**WHAT THIS TASK INVOLVES**
Among the entries below, find the line with "ESTELLE Womens Black" and the line with "Giantex Round Side". Return exactly those lines and every line between them, but no pictures.

**INPUT MATERIAL**
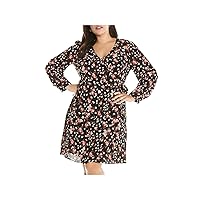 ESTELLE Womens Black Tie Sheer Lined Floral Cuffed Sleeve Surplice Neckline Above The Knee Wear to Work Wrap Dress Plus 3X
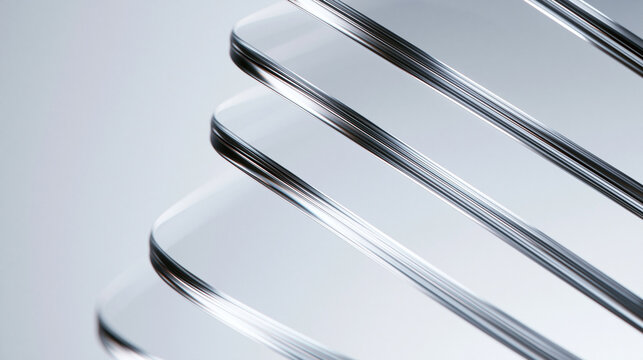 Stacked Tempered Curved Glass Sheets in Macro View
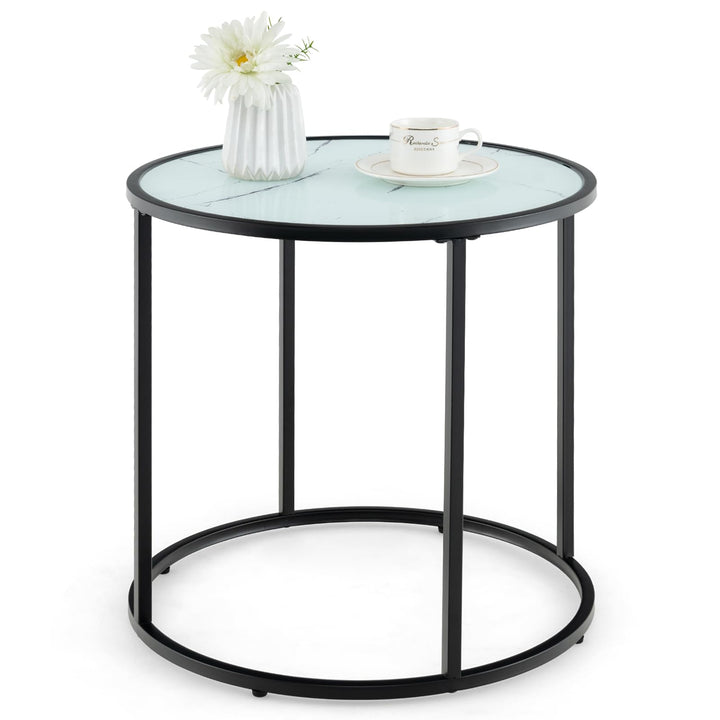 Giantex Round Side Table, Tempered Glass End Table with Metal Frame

---

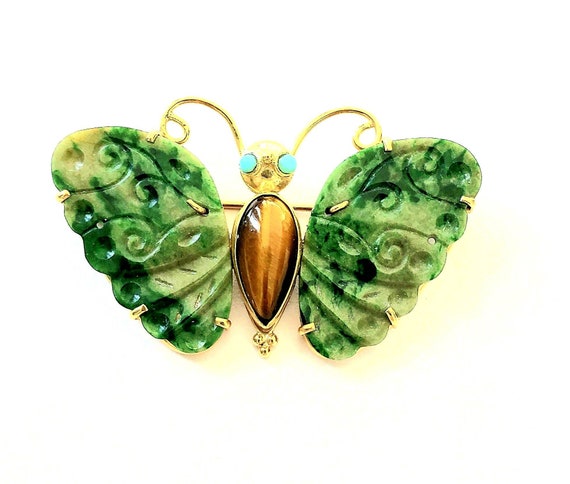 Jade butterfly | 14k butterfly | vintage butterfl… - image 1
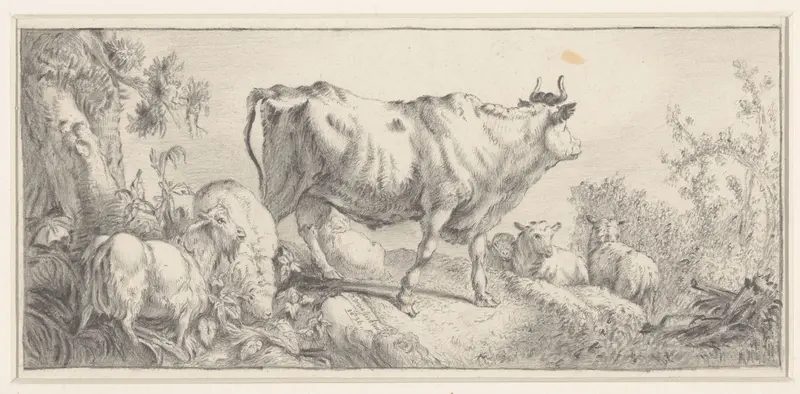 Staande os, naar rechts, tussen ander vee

**SOLUTION TO THE PROBLEM**
 ESTELLE Womens Black Tie Sheer Lined Floral Cuffed Sleeve Surplice Neckline Above The Knee Wear to Work Wrap Dress Plus 3X
 Stacked Tempered Curved Glass Sheets in Macro View
 Giantex Round Side Table, Tempered Glass End Table with Metal Frame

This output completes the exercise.